## WHAT IS NEEDED
Images should be omitted while the rest of the data is duplicated exactly.

## INFORMATION PROVIDED
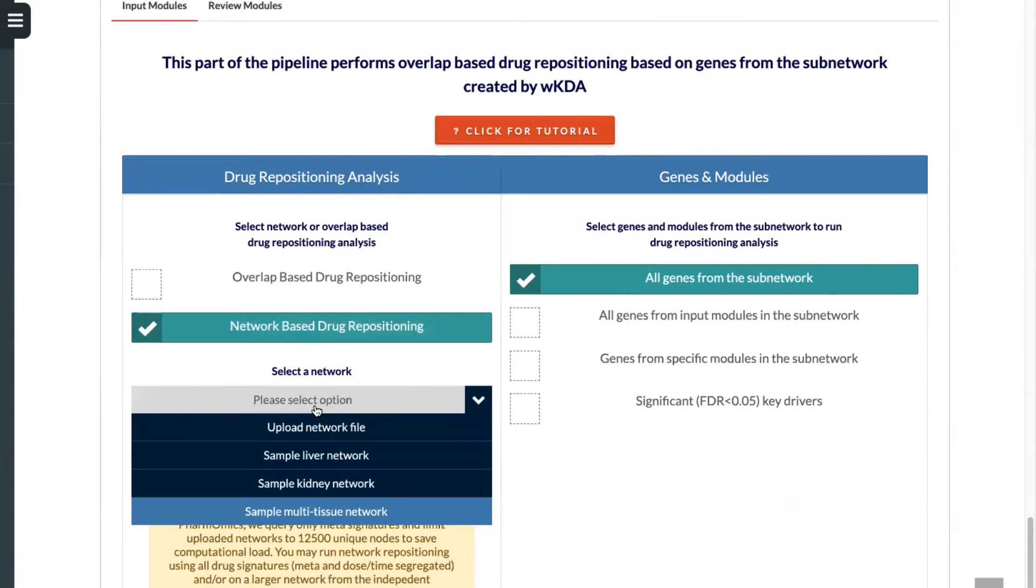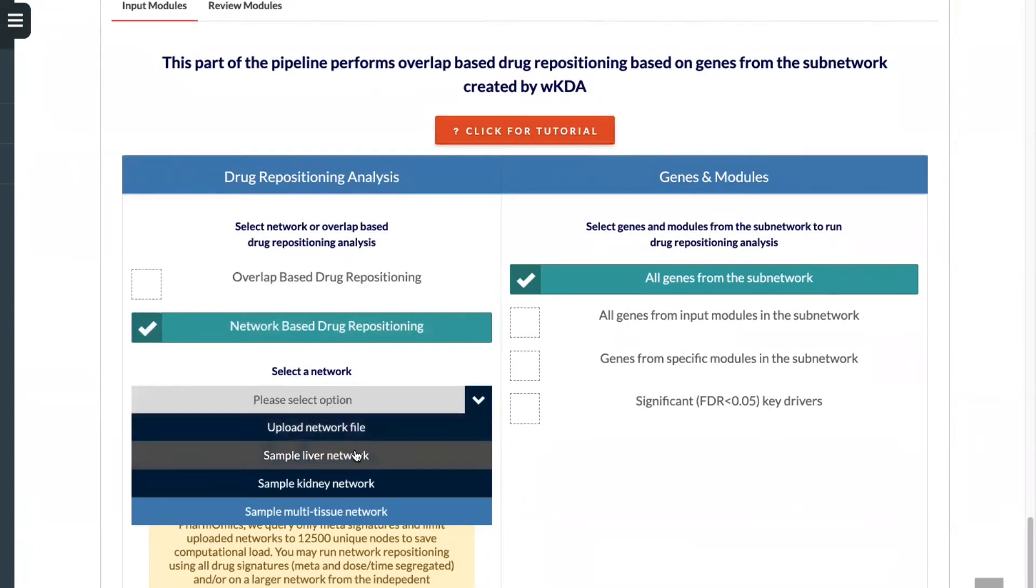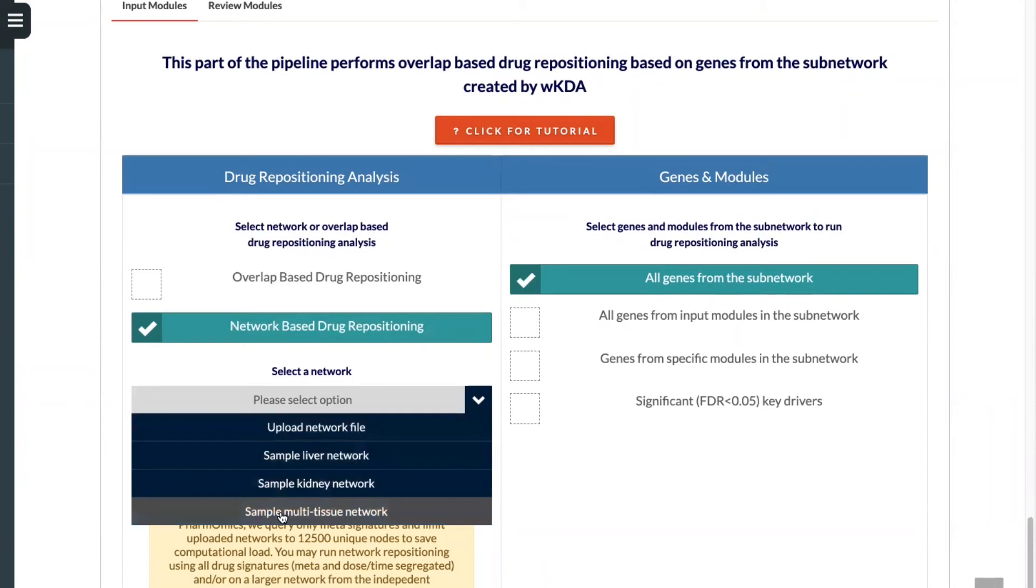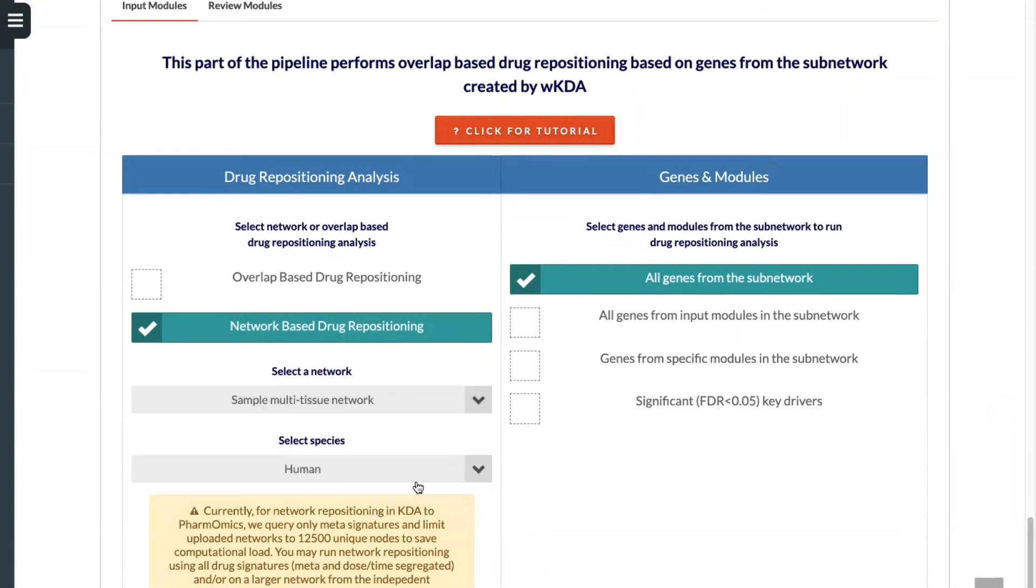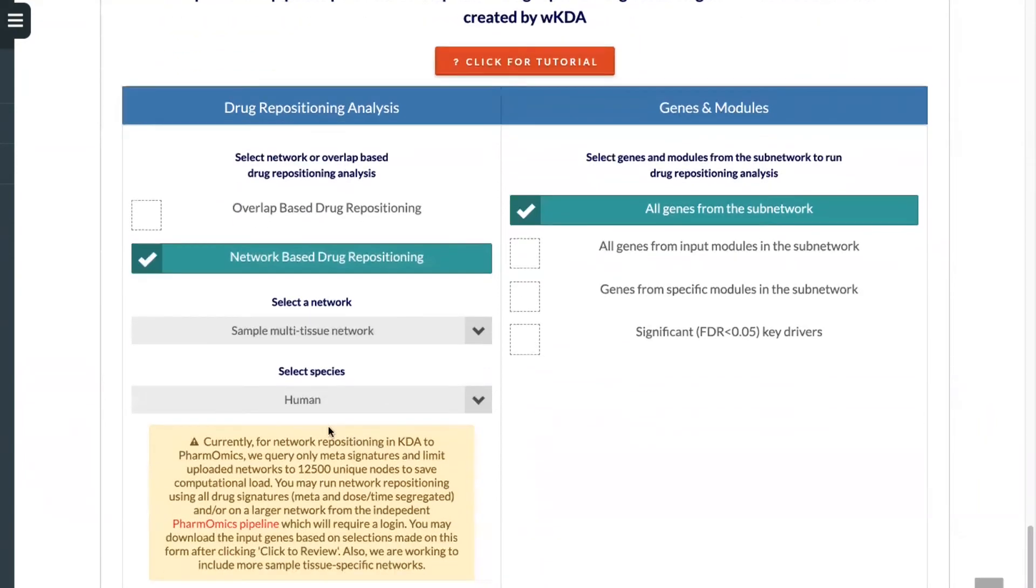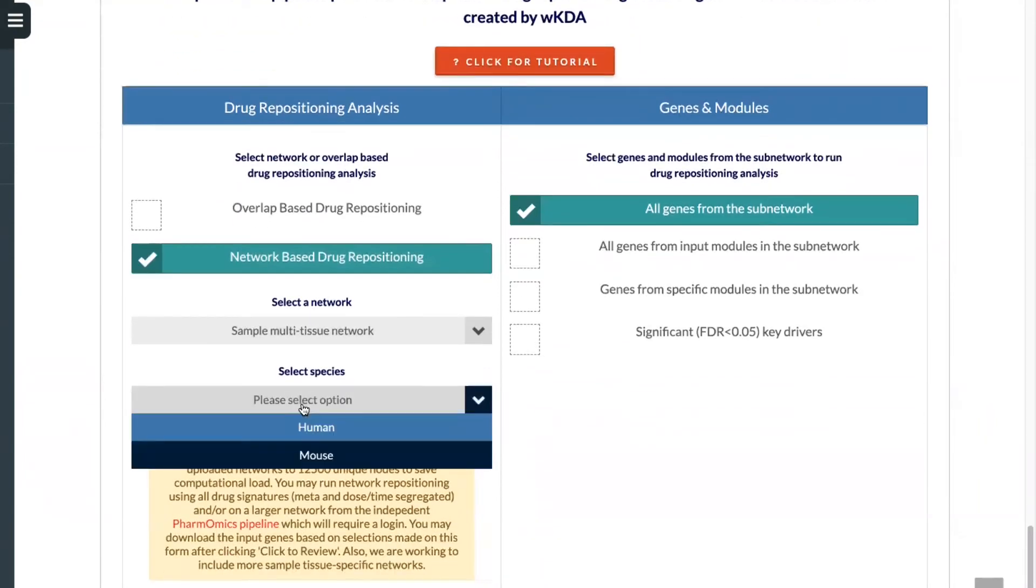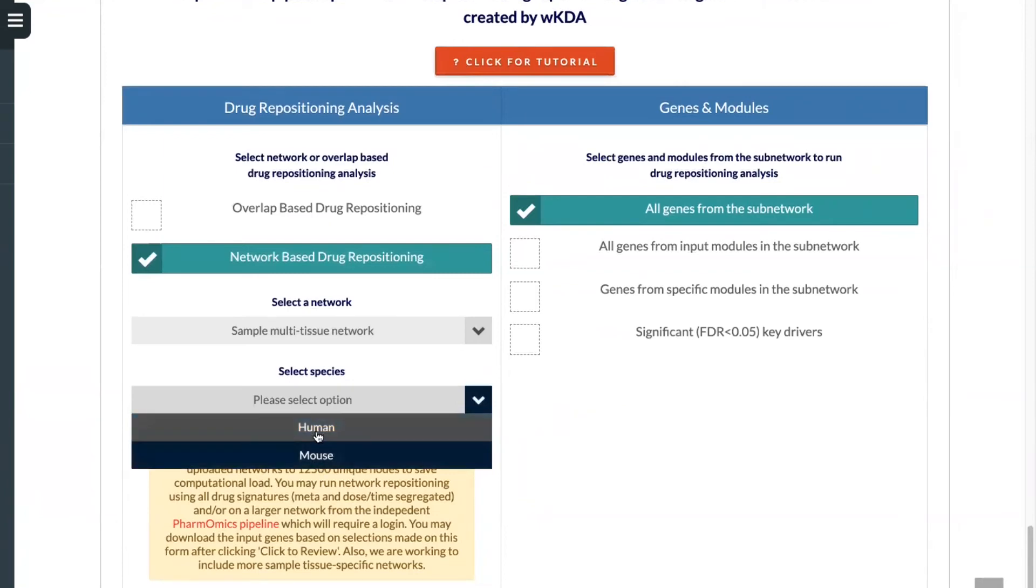Here, you'll be able to select a network or upload a network. In this case, we will use the sample multi-tissue network. We also have the option to choose from human or mouse. In this case, we will select human as our data is derived from humans.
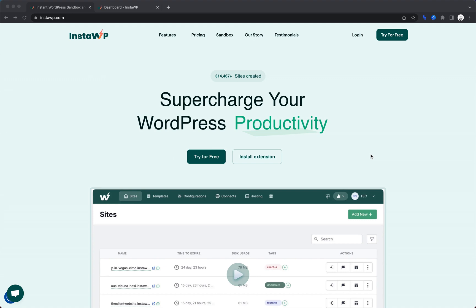Hey, this is Elijah with the Oxygen team, and in today's video, I want to take a look at a really cool service called InstaWP.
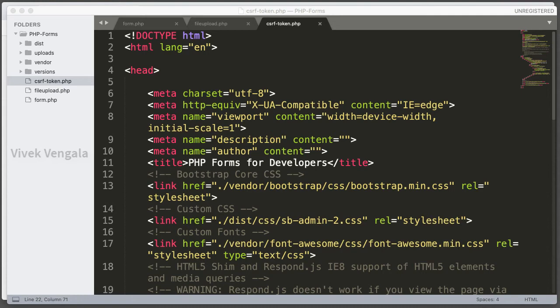Hello, this is Vaik, welcome to another video in the PHP Forms video series. In this video you are going to learn about using CSRF tokens in PHP.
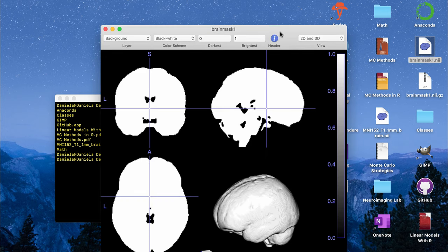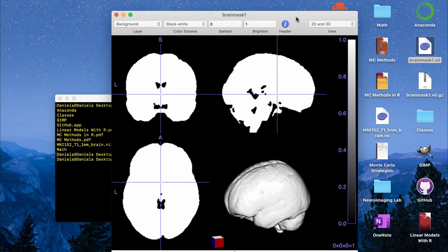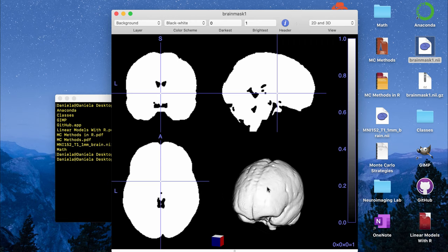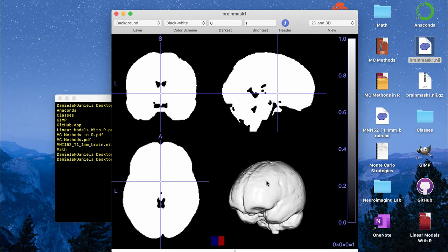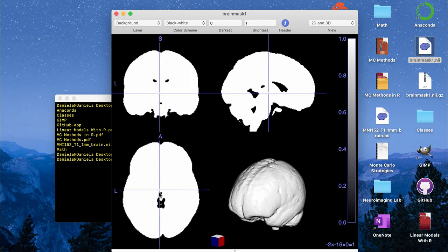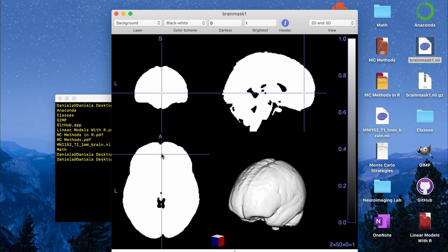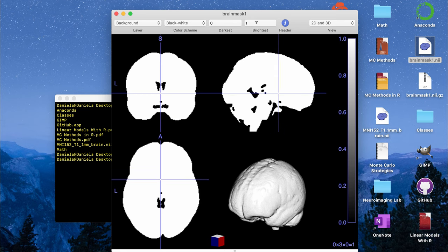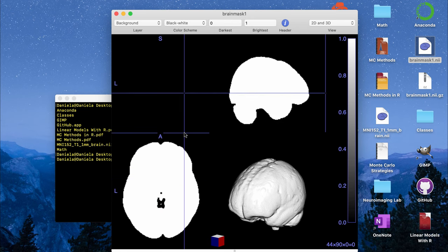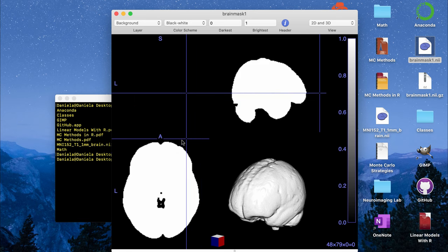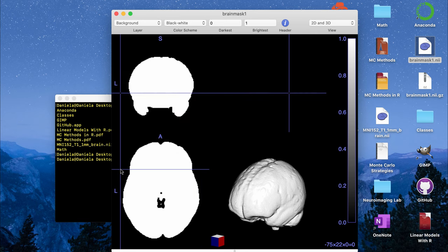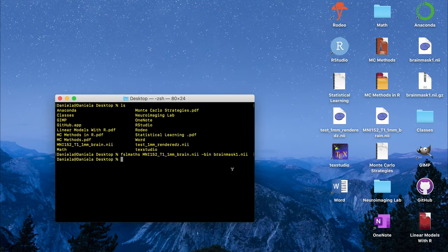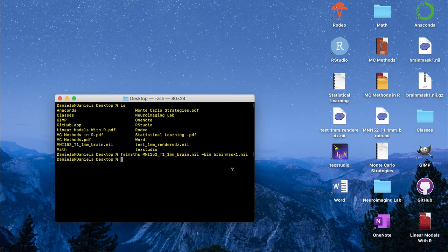Now when I double click the nifty file to open it, this is in a different viewer but you can see that now instead of having it look like different shades of gray, the values are either 0 or 1 and the 1 value is given to everything that's brain and the 0 value is given to everything outside of the brain. That's the method you would use to create a whole brain binary mask, and in the next example I want to do creating a binary mask for a region of interest.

## RESULT OF THE TASK
Here, you'll be able to select a network or upload a network. In this case, we will use the sample multi-tissue network. We also have the option to choose from human or mouse. In this case, we will select human as our data is derived from humans.
Hey, this is Elijah with the Oxygen team, and in today's video, I want to take a look at a really cool service called InstaWP.
Hello, this is Vaik, welcome to another video in the PHP Forms video series. In this video you are going to learn about using CSRF tokens in PHP.
Now when I double click the nifty file to open it, this is in a different viewer but you can see that now instead of having it look like different shades of gray, the values are either 0 or 1 and the 1 value is given to everything that's brain and the 0 value is given to everything outside of the brain. That's the method you would use to create a whole brain binary mask, and in the next example I want to do creating a binary mask for a region of interest.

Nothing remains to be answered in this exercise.